- **Requirement**
Only one span of the material below is wanted. Output it exactly, from the line with "For gas exchange" through the line with "What up everybody?", without any pictures.
-- Dataset extract follows --
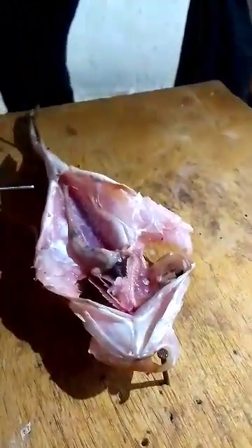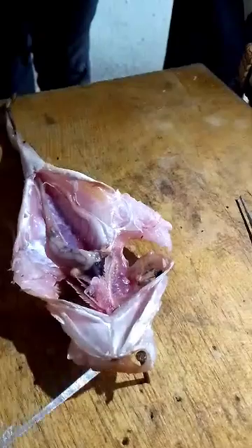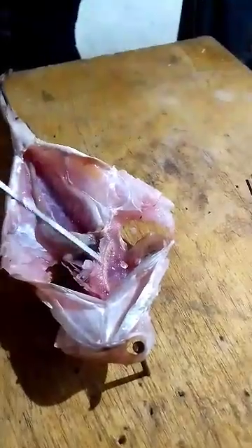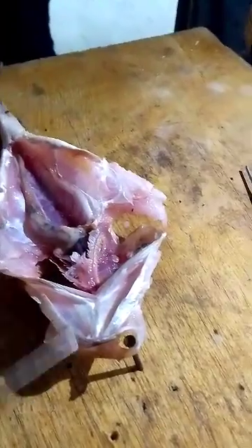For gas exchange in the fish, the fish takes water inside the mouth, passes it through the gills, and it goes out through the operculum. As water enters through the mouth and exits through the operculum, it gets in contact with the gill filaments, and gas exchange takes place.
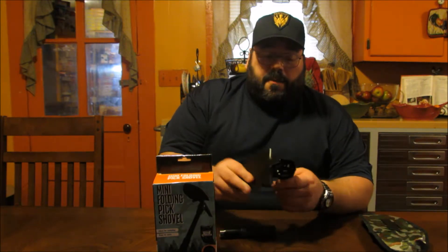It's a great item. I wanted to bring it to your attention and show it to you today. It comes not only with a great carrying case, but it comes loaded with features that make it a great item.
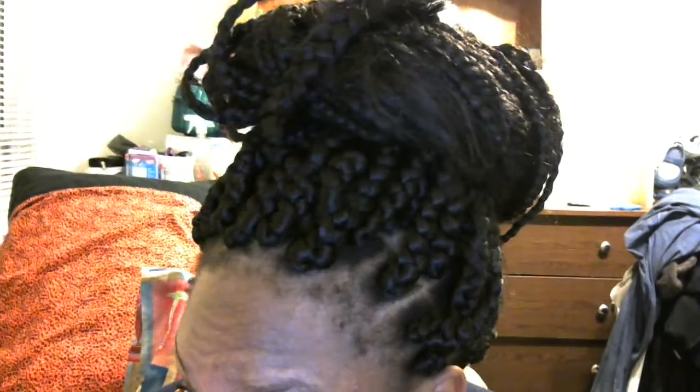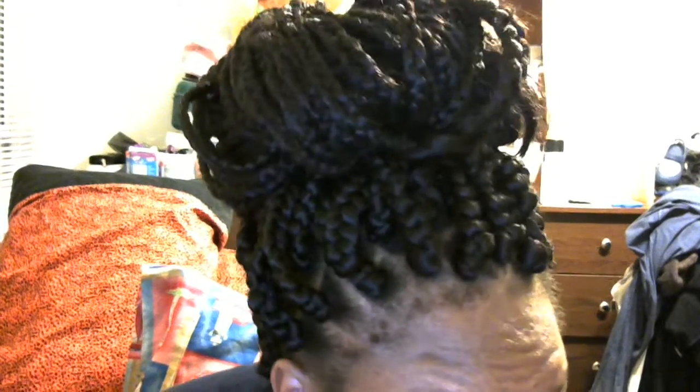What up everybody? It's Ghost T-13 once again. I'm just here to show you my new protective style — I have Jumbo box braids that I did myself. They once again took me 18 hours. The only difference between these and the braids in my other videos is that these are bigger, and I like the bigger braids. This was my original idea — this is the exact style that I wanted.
-- Dataset extract concluded --
-- Dataset extract follows --
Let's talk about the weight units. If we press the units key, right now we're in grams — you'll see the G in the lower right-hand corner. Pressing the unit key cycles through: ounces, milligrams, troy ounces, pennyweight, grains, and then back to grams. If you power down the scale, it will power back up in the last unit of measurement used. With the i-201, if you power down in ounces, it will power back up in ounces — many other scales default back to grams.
-- Dataset extract concluded --
-- Dataset extract follows --
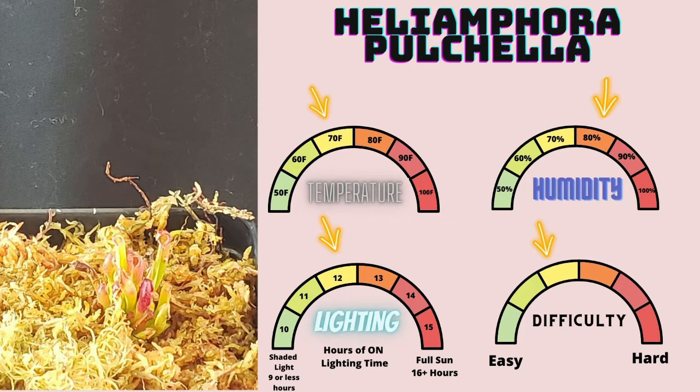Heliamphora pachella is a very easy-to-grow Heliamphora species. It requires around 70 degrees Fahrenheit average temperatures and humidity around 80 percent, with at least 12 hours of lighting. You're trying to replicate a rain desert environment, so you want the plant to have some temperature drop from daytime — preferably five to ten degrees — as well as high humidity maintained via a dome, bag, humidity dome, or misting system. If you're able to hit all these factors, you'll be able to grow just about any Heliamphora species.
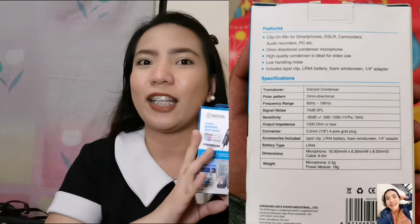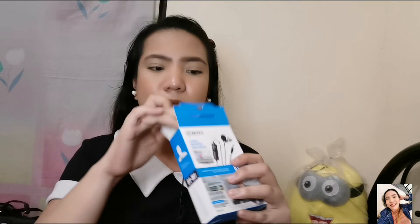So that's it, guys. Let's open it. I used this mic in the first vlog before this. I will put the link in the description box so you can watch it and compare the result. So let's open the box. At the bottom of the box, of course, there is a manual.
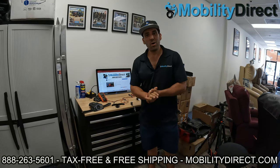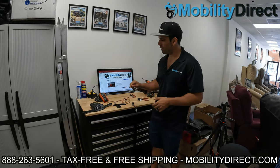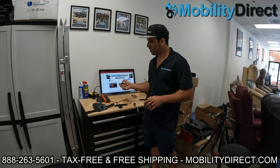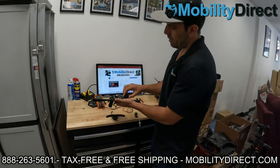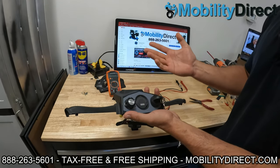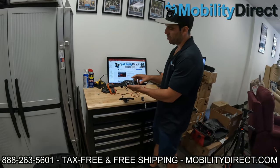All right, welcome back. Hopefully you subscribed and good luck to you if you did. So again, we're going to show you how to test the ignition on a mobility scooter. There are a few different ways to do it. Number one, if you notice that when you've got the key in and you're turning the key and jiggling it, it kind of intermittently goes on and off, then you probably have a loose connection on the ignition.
-- Dataset extract concluded --
- **Answer box**
For gas exchange in the fish, the fish takes water inside the mouth, passes it through the gills, and it goes out through the operculum. As water enters through the mouth and exits through the operculum, it gets in contact with the gill filaments, and gas exchange takes place.
It's a great item. I wanted to bring it to your attention and show it to you today. It comes not only with a great carrying case, but it comes loaded with features that make it a great item.
What up everybody? It's Ghost T-13 once again. I'm just here to show you my new protective style — I have Jumbo box braids that I did myself. They once again took me 18 hours. The only difference between these and the braids in my other videos is that these are bigger, and I like the bigger braids. This was my original idea — this is the exact style that I wanted.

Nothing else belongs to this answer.